Infinite Scroll: The Web's Slot Machine - irunbackwards
http://techcrunch.com/2012/08/18/infinite-scroll-the-webs-slot-machine/

======
_delirium
Another way it's like a slot machine: the randomness of whether you'll get to
scroll or not. Scrolling on Twitter is a suspenseful game where it sort of
works for a while but then at some point stops responding when something times
out or a script breaks. Sometimes you can coax it to get going again by
scrolling up and then scrolling back to the end again (presumably getting it
to re-send the AJAX request that timed out). But other times that doesn't
work, and you have to do a full reload. Then re-do the tedious effort of
infinite-scrolling back to where you were when it stopped working. Paginated
history would make going back a few months in my Twitter feed a lot less
frustrating.

------
slantyyz
What I find annoying about infinite scroll:

Sites with a footer at the bottom of the web page that populate new items so
fast that as you're scrolling it's impossible to click on the footer items.
Facebook, I'm talking about you.

------
lukifer
It's strange how I love or hate infinite scroll based on the use case: when
wasting time looking at funny stuff on the internet, I hate it, because it's
so hard to find a clean stopping point to get back to work. But when shopping,
I love it, as it makes it convenient to browse a large selection of products
to try to find what I'm looking for.

Either way, it's a psychologically powerful design pattern, and it should be
used with care.

------
philip1209
There is an infinite scroll wordpress plugin. I haven't installed it yet, but
I intend to over the next day - pagination of articles on a homepage seems to
lack fluidity.

------
gojomo
These are great analogies: infinite scroll as a "slot machine". The Pinterest
homepage is "like opening a can of digital Pringles".

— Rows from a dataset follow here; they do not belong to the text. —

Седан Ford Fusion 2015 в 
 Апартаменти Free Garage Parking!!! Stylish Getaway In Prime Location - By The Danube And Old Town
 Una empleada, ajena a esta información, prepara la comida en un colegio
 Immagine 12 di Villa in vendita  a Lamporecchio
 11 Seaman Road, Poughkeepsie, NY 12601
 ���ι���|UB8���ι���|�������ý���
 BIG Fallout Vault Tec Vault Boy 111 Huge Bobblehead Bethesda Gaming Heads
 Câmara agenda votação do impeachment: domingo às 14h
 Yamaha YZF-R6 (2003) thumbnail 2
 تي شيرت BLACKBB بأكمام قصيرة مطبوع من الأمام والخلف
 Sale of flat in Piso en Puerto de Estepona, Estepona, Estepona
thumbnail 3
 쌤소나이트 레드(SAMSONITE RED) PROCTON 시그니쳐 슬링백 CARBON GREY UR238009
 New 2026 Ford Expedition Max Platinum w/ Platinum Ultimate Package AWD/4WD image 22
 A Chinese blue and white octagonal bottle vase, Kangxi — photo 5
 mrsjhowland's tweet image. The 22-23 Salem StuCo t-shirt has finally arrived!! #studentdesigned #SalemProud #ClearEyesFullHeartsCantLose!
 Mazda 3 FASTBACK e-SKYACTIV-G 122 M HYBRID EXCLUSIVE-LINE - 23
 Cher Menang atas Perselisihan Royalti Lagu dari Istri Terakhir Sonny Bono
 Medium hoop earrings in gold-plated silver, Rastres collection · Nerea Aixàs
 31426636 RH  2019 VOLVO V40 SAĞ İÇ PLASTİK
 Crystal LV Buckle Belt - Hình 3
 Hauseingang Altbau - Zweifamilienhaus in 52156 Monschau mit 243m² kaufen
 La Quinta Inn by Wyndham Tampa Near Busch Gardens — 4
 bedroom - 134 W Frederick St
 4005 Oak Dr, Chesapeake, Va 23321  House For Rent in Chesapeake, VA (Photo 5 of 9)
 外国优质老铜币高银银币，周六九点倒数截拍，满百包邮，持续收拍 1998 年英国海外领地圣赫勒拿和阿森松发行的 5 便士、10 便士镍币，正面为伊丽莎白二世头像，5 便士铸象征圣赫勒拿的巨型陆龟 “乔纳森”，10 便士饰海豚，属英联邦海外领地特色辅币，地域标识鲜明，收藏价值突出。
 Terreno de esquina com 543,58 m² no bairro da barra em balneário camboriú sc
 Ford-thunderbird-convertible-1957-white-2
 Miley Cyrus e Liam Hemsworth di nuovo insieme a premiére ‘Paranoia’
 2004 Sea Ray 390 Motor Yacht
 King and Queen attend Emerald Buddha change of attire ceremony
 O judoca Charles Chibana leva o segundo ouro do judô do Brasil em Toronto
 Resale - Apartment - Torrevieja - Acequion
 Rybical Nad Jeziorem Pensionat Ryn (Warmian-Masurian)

But the comparison should also raise the question: are slot machines and
Pringles (and everything like them) good for people?

Some of these UX patterns are thus a High Fructose Corn Syrup of design.
Shovel them into any interface to make it seem more urgent, important, and
novel... but it's a false sheen that's ultimately unhealthy for the audience.

I'm not just picking on Pinterest and its ilk. The kind of 'top stories'
ranking used by HN is also an 'attention sugar' offender. The dynamic-but-
decaying ranking creates an often-false sense of urgency; mixing unlike
stories (including a trickle of duplicates and mislabeled material) in close
and semirandom proximity heightens the sense of novelty. It makes reading even
stories that are trivial, redundant or quickly superceded by corrections seem
more important than it really is.

Perhaps we need to categorize interface patterns by a sort of 'attentional
glycemic index', and limit intake of the worst variants.